There are is a problem with this approach. When a Product Backlog Item is not tested for acceptance, is is not completely Done. When acceptance testing is done after the sprint, that is, during the next sprint, any corrections resulting from its feedback can only be planned in the sprint after that. Much too late! This approach tends to result in an ever increasing stack of corrections taking time that should be used to implement new Product Backlog Items, and thus slowing down development.
So, why don't we do acceptance testing within the sprint? In this way we receive earlier feedback and have the opportunity to repair any issues right away and have the Backlog Item really done by the end of the sprint. But this approach has its own problems.

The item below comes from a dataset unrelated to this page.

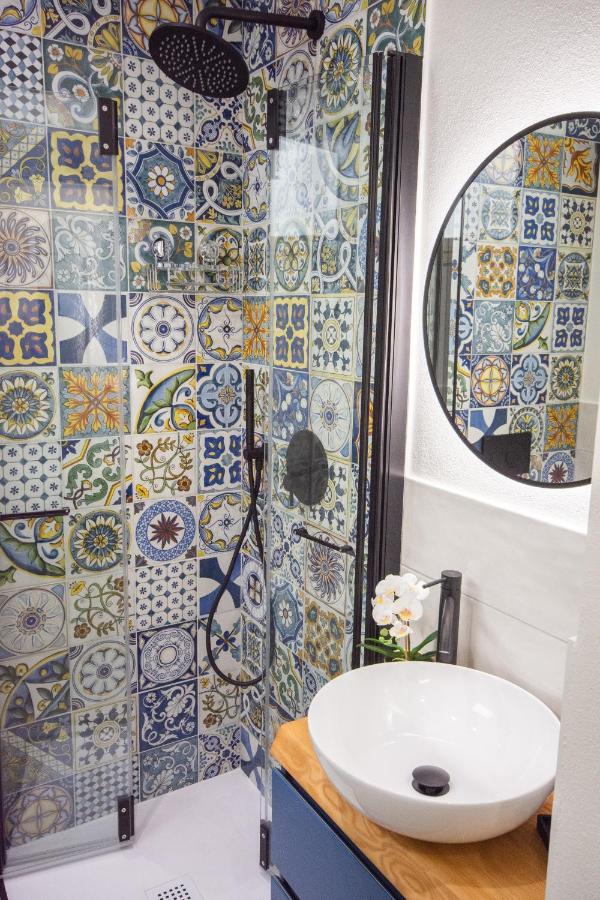 Maison San Giovanni Cagliari Extérieur photo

For instance, team members cannot do acceptance testing themselves, but someone outside has to do this. This means that the software must be made available to some acceptance testing environment, where outsiders can perform their tests. They need a reasonable amount of time for that, which means that near the end of the sprint developers have to stop developing because whatever they deliver cannot be tested anymore. That means loss of precious time.
Do you have experience with acceptance testing within Scrum sprints? By the way, this problem exists in every iterative style of development; not just in Scrum. What solutions work for you?